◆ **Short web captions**
>>

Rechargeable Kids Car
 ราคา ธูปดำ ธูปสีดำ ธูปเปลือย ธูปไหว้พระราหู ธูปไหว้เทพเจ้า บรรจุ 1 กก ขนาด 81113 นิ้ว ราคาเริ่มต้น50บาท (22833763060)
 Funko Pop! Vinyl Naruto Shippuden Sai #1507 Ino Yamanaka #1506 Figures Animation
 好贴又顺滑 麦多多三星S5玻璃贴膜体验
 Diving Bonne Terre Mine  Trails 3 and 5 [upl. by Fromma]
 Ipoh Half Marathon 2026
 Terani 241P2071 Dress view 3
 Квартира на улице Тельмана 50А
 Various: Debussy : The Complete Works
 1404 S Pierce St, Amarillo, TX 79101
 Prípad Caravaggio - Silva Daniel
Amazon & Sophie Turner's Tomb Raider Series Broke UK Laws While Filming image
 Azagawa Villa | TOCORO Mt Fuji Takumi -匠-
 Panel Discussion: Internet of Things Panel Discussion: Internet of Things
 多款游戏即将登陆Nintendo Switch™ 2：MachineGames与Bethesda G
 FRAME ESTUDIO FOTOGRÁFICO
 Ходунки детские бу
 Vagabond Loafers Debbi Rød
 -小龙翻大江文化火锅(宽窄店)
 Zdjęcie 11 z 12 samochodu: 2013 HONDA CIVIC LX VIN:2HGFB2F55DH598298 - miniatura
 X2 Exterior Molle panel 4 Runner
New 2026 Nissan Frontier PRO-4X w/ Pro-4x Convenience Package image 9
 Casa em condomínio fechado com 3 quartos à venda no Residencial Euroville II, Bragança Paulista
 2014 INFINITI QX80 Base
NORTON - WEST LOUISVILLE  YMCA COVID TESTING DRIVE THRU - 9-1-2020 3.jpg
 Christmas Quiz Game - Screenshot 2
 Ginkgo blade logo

<<

◆ **Problem details**
Only the lines above from the one with "Квартира на улице Тельмана 50А" up to and including the one with "X2 Exterior Molle panel 4 Runner" should be repeated, exactly as written.

◆ **Reply to the exercise**
 Квартира на улице Тельмана 50А
 Various: Debussy : The Complete Works
 1404 S Pierce St, Amarillo, TX 79101
 Prípad Caravaggio - Silva Daniel
Amazon & Sophie Turner's Tomb Raider Series Broke UK Laws While Filming image
 Azagawa Villa | TOCORO Mt Fuji Takumi -匠-
 Panel Discussion: Internet of Things Panel Discussion: Internet of Things
 多款游戏即将登陆Nintendo Switch™ 2：MachineGames与Bethesda G
 FRAME ESTUDIO FOTOGRÁFICO
 Ходунки детские бу
 Vagabond Loafers Debbi Rød
 -小龙翻大江文化火锅(宽窄店)
 Zdjęcie 11 z 12 samochodu: 2013 HONDA CIVIC LX VIN:2HGFB2F55DH598298 - miniatura
 X2 Exterior Molle panel 4 Runner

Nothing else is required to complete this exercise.